▼

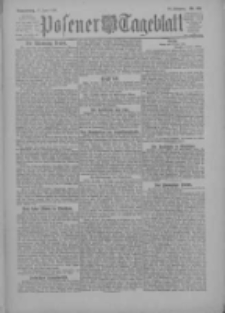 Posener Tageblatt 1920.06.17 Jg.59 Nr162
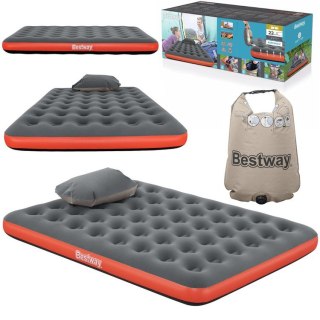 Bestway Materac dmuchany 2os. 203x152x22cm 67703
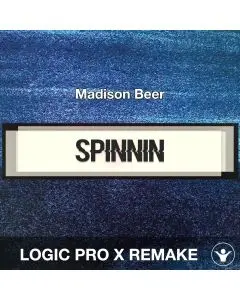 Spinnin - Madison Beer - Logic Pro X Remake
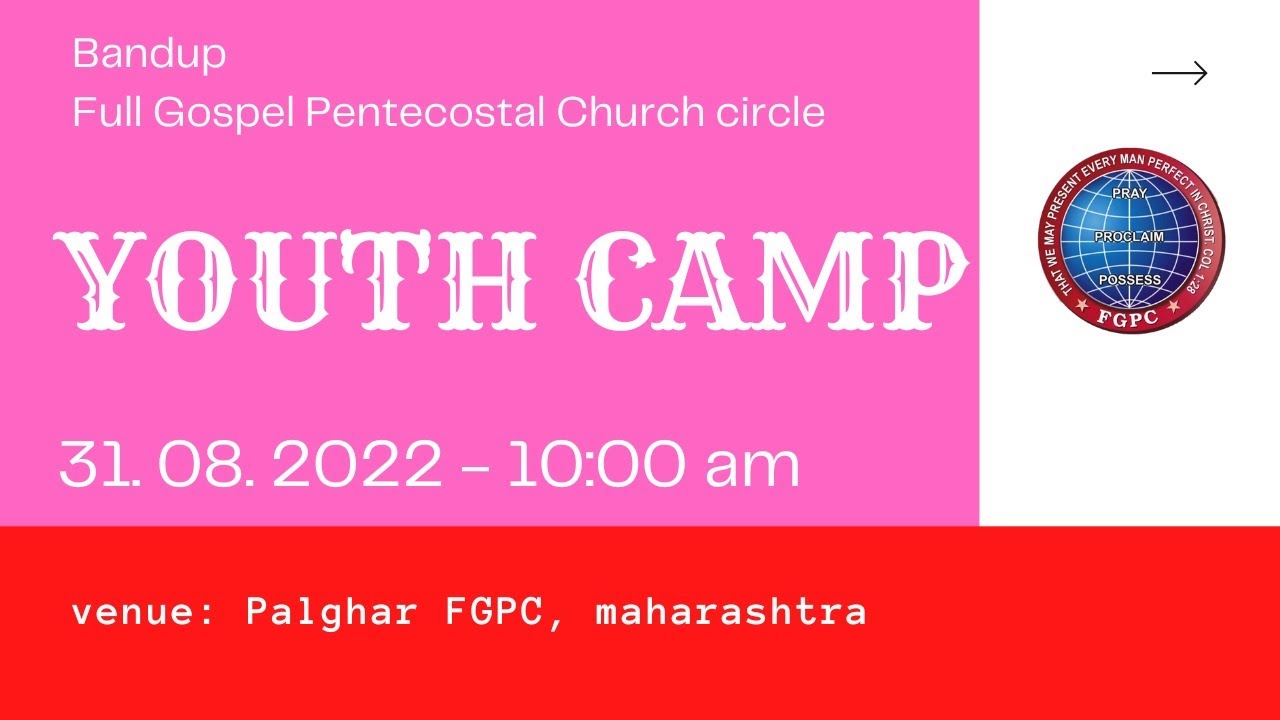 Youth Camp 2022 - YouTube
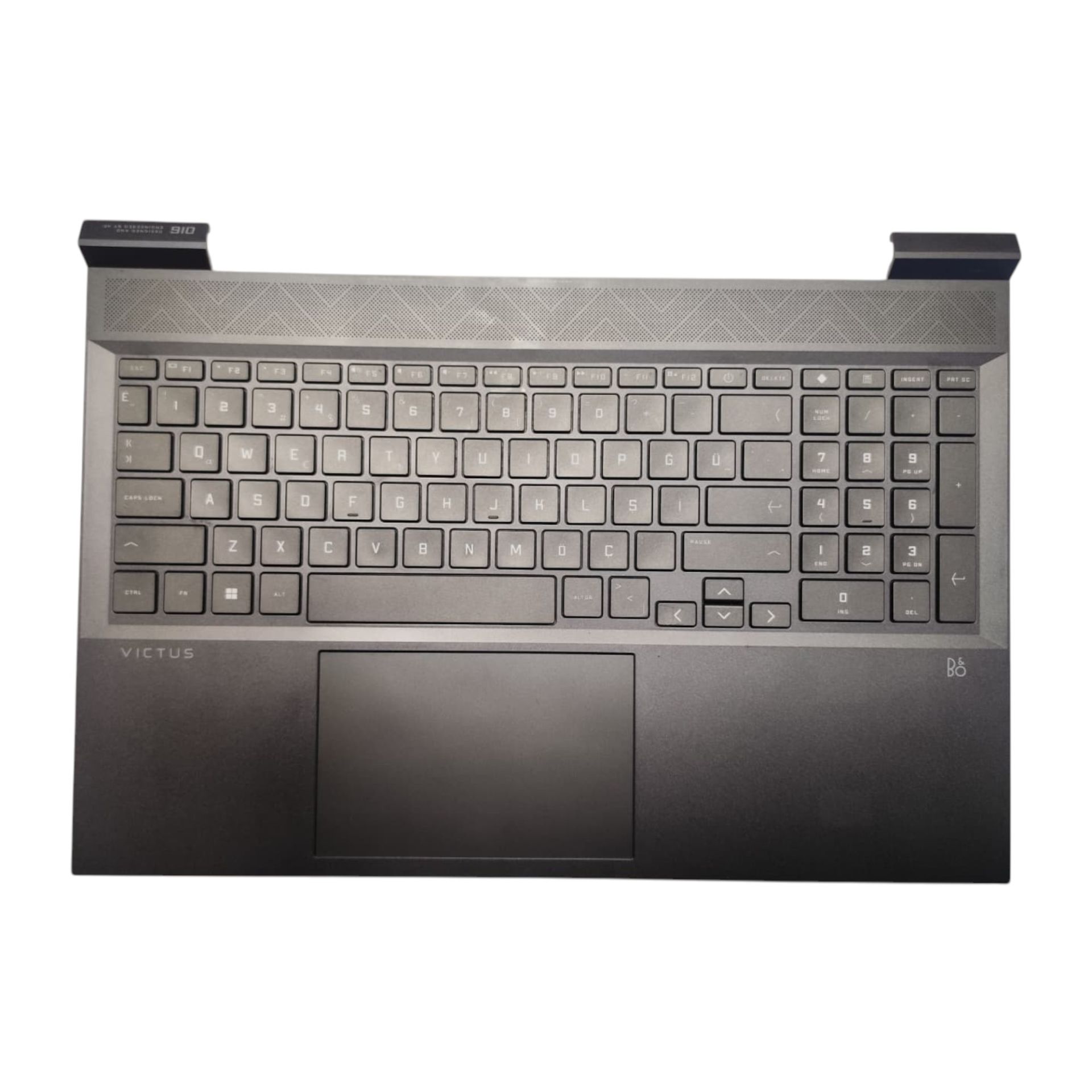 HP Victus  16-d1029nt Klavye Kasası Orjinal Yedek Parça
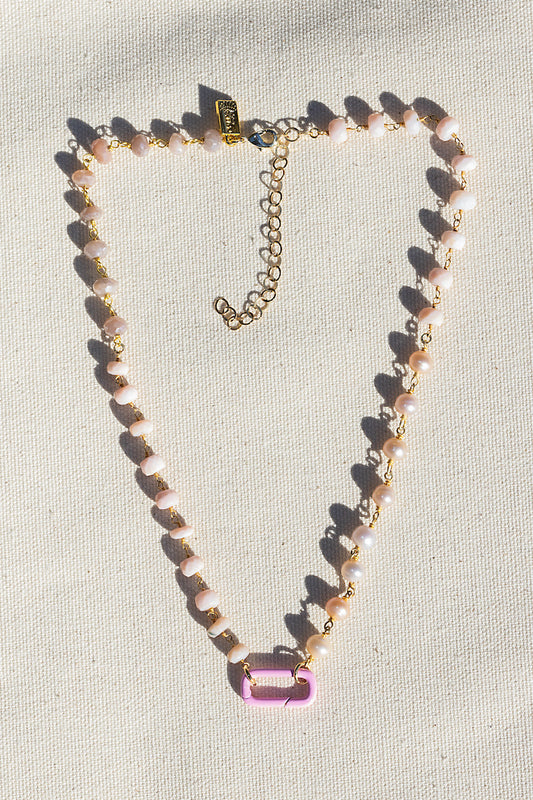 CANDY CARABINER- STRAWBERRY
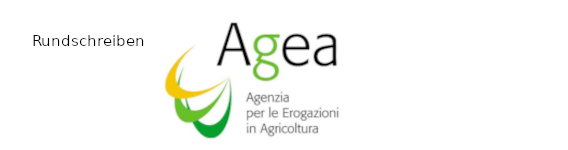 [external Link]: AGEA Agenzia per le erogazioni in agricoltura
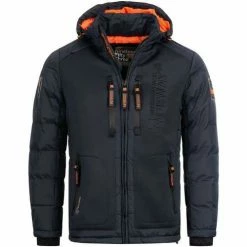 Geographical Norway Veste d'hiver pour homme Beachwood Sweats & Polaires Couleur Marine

▲
▼

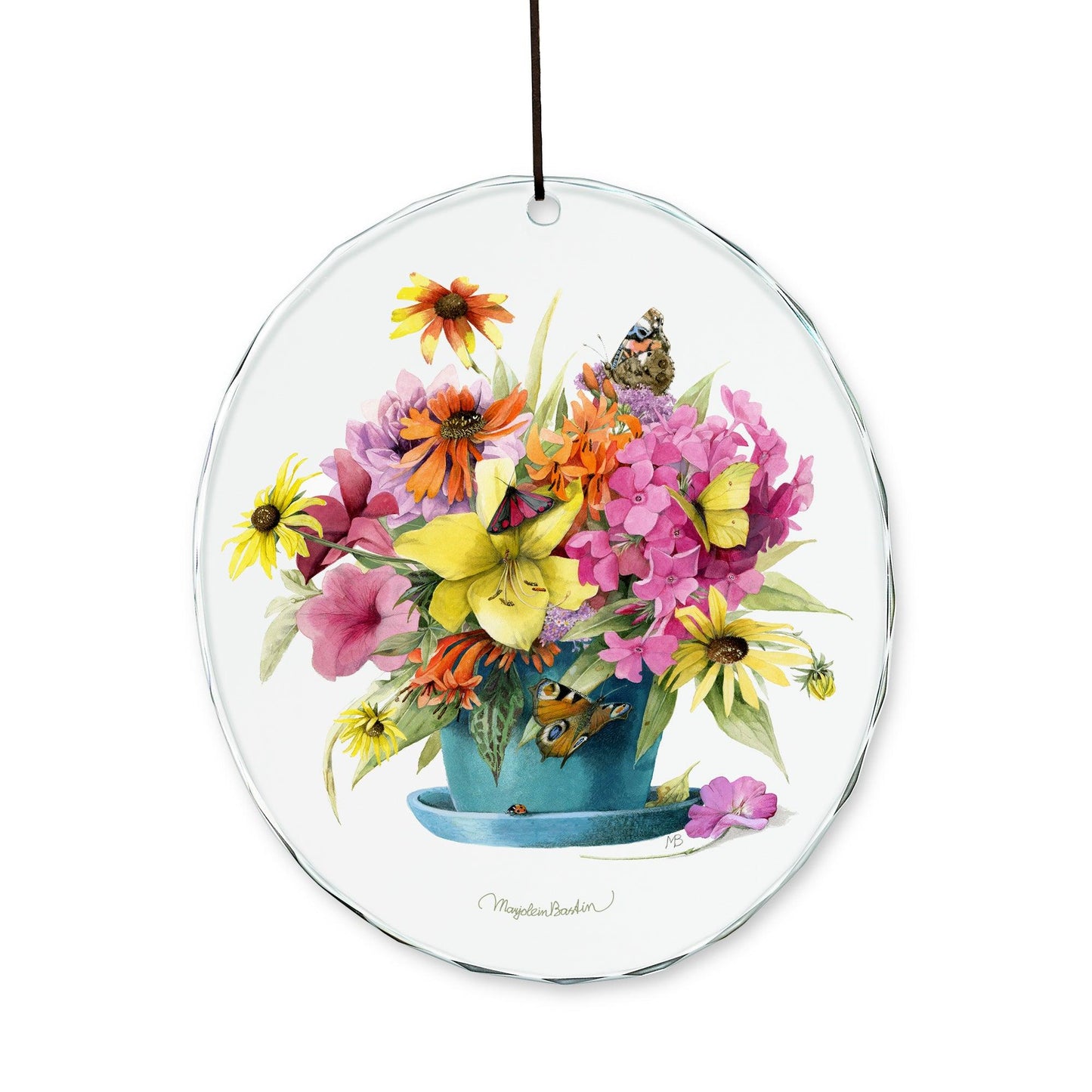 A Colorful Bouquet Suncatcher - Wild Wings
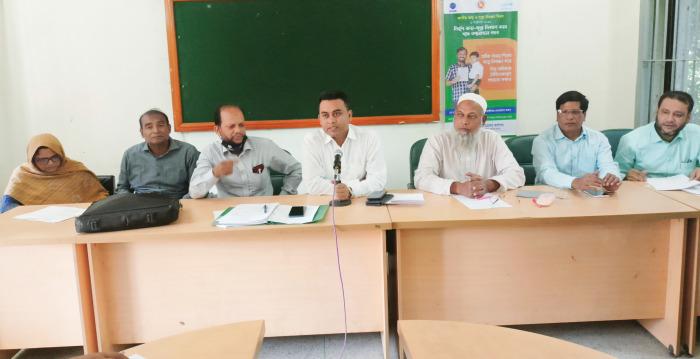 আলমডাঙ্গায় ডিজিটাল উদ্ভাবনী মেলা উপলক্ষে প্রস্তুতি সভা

▲
▼

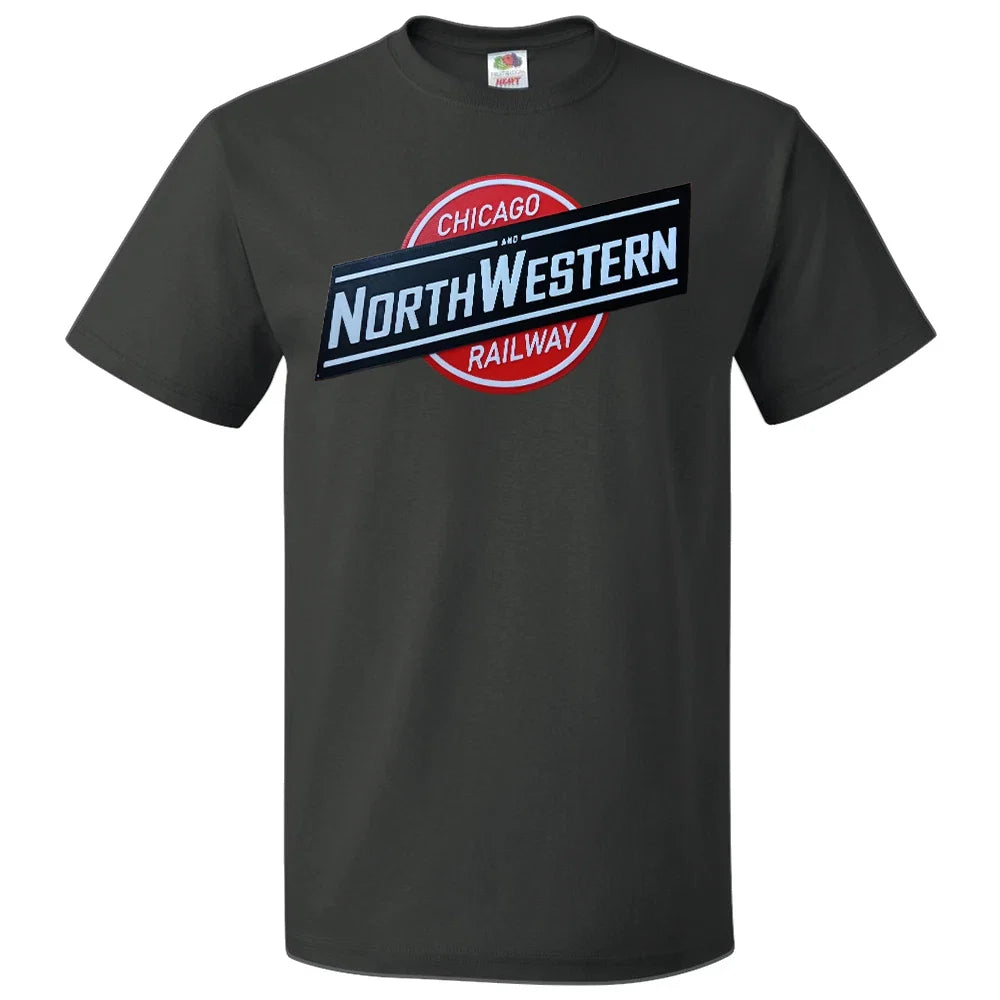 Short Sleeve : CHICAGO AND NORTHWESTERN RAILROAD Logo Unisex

▲

__Goal of the exercise__.
All lines above starting at the one with "Spinnin - Madison Beer - Logic Pro X Remake" and ending at the one with "Geographical Norway Veste", inclusive, are to be printed again exactly, with the pictures left out.

__Written solution__.
 Spinnin - Madison Beer - Logic Pro X Remake
 Youth Camp 2022 - YouTube
 HP Victus  16-d1029nt Klavye Kasası Orjinal Yedek Parça
 CANDY CARABINER- STRAWBERRY
 [external Link]: AGEA Agenzia per le erogazioni in agricoltura
 Geographical Norway Veste d'hiver pour homme Beachwood Sweats & Polaires Couleur Marine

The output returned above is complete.